For example, a pathological liar may blame his partner for lying; a needy wife can call her husband “sticky” in an attempt to make him dependent on him; a bad employee may call the boss ineffective in order to avoid truthful talk about his own productivity.
Narcissistic sadists love to play "blame shifting." Goals of the game: they win, you lose, the result - you or the whole world is to blame for everything that happened to them. Thus, you have to nurse their fragile ego, and in response you are being pushed into a sea of uncertainty and self-criticism. Cool invented, yes?
Decision? Do not “project” your own feeling of compassion or sympathy on a destructive person and do not accept his poisonous projections on yourself. As Dr. George Simon, a specialist in manipulation, writes in his book “In Sheep's Clothing” (2010), projecting one’s own conscientiousness and value system onto others may encourage further exploitation.

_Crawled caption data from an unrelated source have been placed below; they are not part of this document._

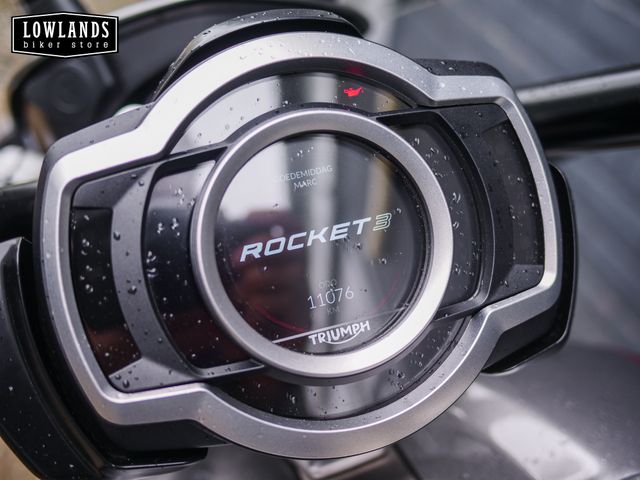 triumph - rocket-3-gt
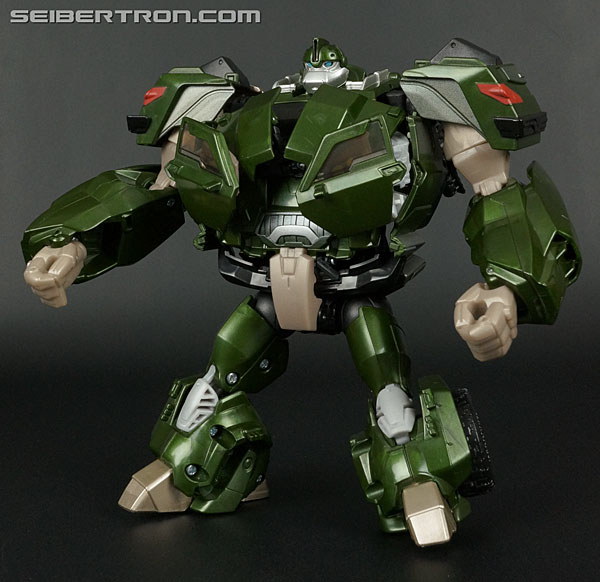 Transformers First Edition Bulkhead (Image #77 of 157)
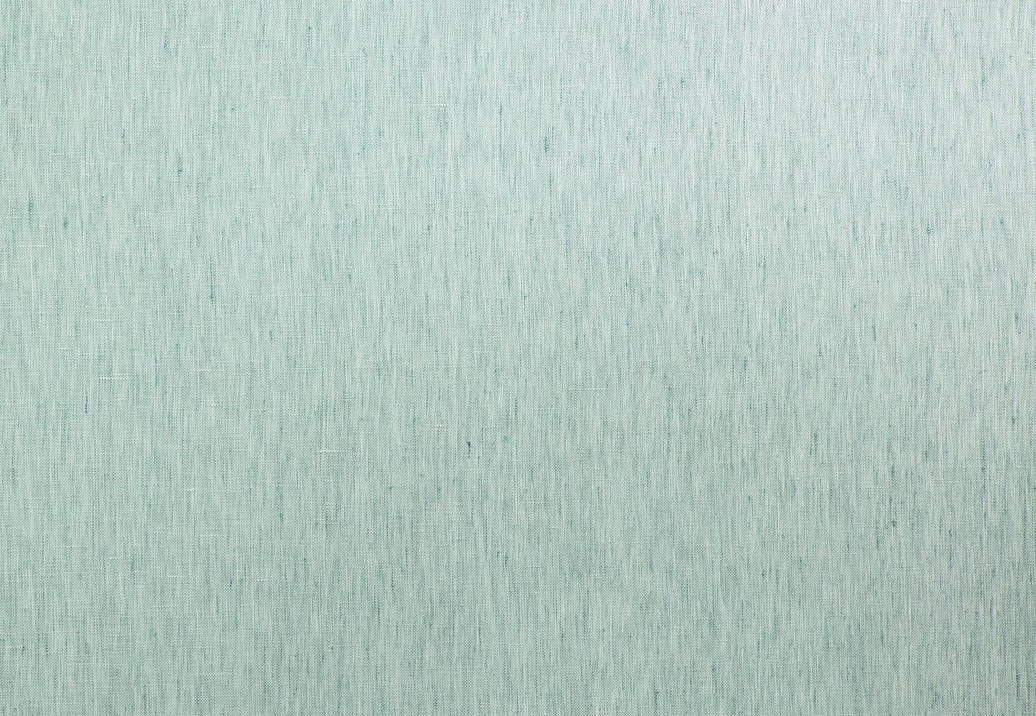 Обои Casamance Paralelle A70541140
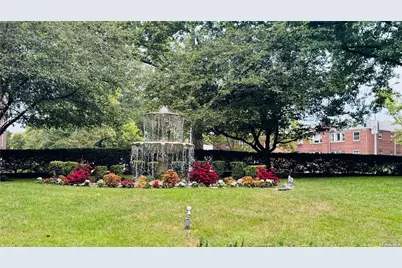 84-01 Main St #722, Briarwood, NY 11435 - Photo 1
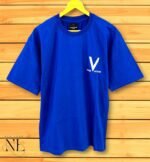 Oversize Tshirt For Men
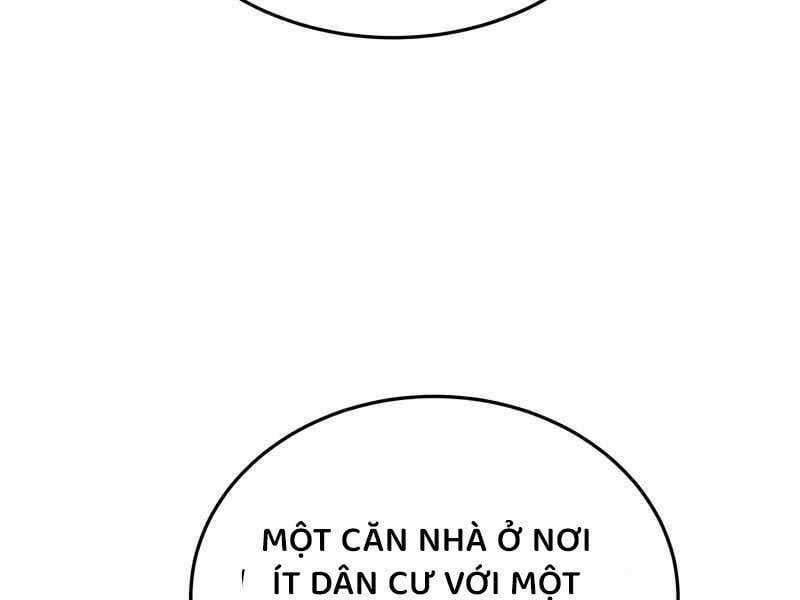 Kim Chiến Sĩ: Hành Trình Xây Dựng Đặc Tính Chapter 14 trang 35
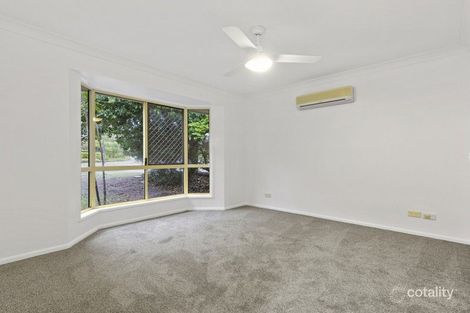 Property photo of 88 Centennial Way Forest Lake QLD 4078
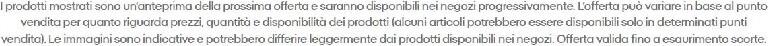 undefined 10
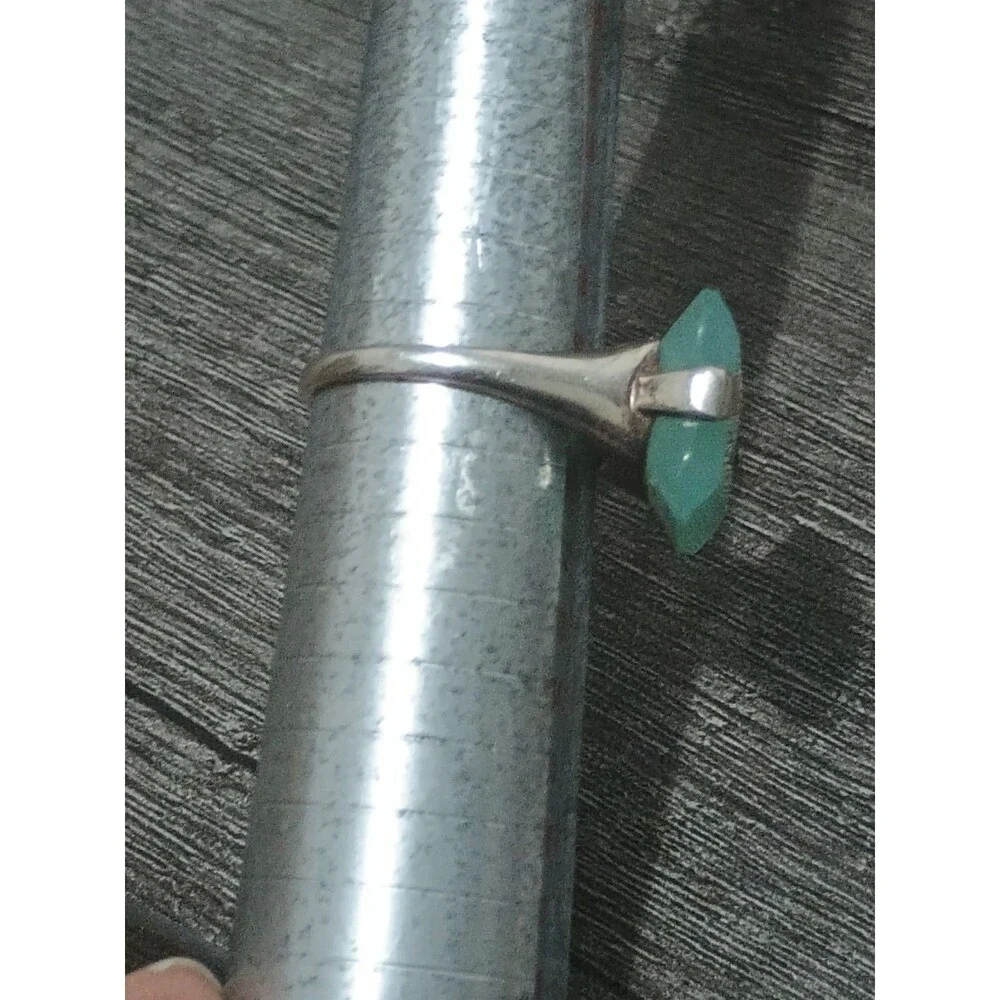 Unbranded this aqua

Daffodils at the extreme end of the spectrum, as a rule, have absolutely no interest in introspection and change. It is important to break off all relationships and relations with destructive people as soon as possible in order to rely on your own reality and begin to value yourself. You do not have to live in the cesspool of someone else's dysfunctions.
3. Hellish meaningless talk
If you hope for a thoughtful communication with a destructive personality, you will be disappointed: instead of an attentive interlocutor, you will get an epic brainwave.
Daffodils and sociopaths use a stream of consciousness, talking in a circle, switching to personalities, projection and gaz-lighting to confuse you and confuse you if you just disagree or challenge them. This is done in order to discredit, distract and upset you, lead away from the main theme and make you feel guilty for the fact that you are a living person with real thoughts and feelings that dare to differ from their own. In their eyes, the whole problem is your existence.
Just ten minutes of a dispute with a daffodil is enough - and you are already wondering how you got into it at all. You just expressed disagreement with his ridiculous statement that the sky is red, and now your whole childhood, family, friends, career and lifestyle are mixed with mud. This is because your disagreement contradicts his false belief that he is omnipotent and omniscient, which leads to the so-called narcissistic trauma.
Remember: destructive people do not argue with you, they, in fact, argue with themselves, you are only an accomplice of a long, exhausting monologue. They love drama and live for it. Trying to find an argument that refutes their ridiculous statements, you just throw firewood on the fire. Do not feed the daffodils - better feed yourself an understanding that the problem is not in you, but in their abusive behavior. Stop communicating as soon as you feel the first signs of narcissism, and spend this time on something pleasant.
4. Generalizations and allegations
Daffodils can not always boast an outstanding intellect - many of them are not used to thinking at all. Instead of wasting time and understanding different points of view, they make generalizations based on any of your words, ignoring the nuances of your argumentation and your attempts to take different opinions into account. It’s even easier to pin a label on you - it automatically crosses out the value of any of your statements.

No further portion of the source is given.